The journalists in Dallas that day searched around for people who did witness the shooting. Charles Roberts, who worked for Newsweek, later recalled in The Truth About the Assassination (page 13): “To be a witness to the events that followed the final shot was like witnessing the proverbial explosion in a shingle factory and not knowing, at each split second, where to look. I would hesitate to testify under oath to some events I saw peripherally. With hindsight, I now realize that many of the words I frantically took down from the mouths of witnesses during the next few hours were the product of imagination, shock, confusion, or from something much worse - the macabre desire of some bystanders to be identified with a great tragedy, or to pretend greater first-hand knowledge of the event than they actually possess.”

In reality, what happened was they believed what they wanted to believe.
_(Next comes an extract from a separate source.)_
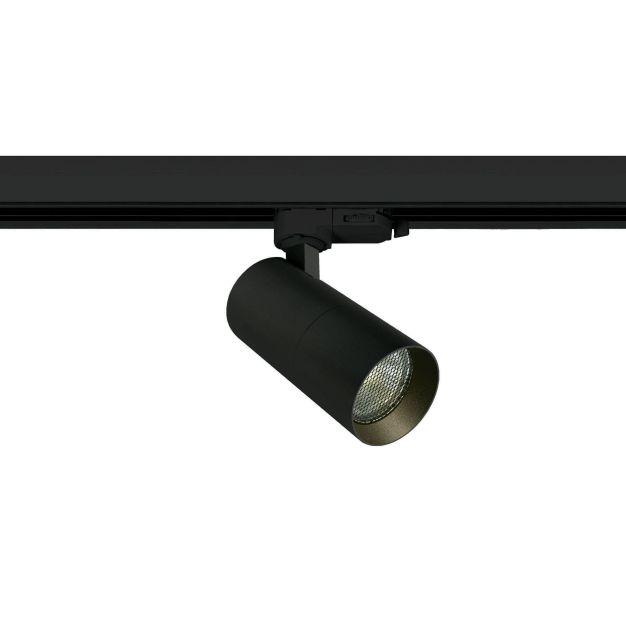 ONE Light GU10 Track Spots - rail spot - 3-fase railsysteem - Ø 5,5 x 12 cm - zwart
There were just over 50 journalists in the press bus (14th place in the motorcade) and the press car (7th place - moved back at the last moment) and as far as I can see, they all believed strongly in the lone-gunman theory.

Despite the problems of finding out the truth of what had taken place, journalists were highly praised for their reporting of the assassination. Harrison Salisbury, who worked for the New York Times, claimed that “The coverage had begun with classic reportage - Tom Wicker's on-the-scene eyewitness. It could not be beat I told him to... just write every single thing you have seen and heard. Period. He did. No more magnificent piece of journalistic writing has been published in the Times. Through Tom's eye we lived through each minute of that fatal Friday, the terror, the pain, the horror, the mindless tragedy, elegant, blood-chilling prose.” It would seem that the readers of Times could not get enough of Wicker and sales of the newspaper increased dramatically in the days following the assassination. On 26th November, 1963, the circulation of Times reached 1,089,000, nearly 400,000 more than its normal sales.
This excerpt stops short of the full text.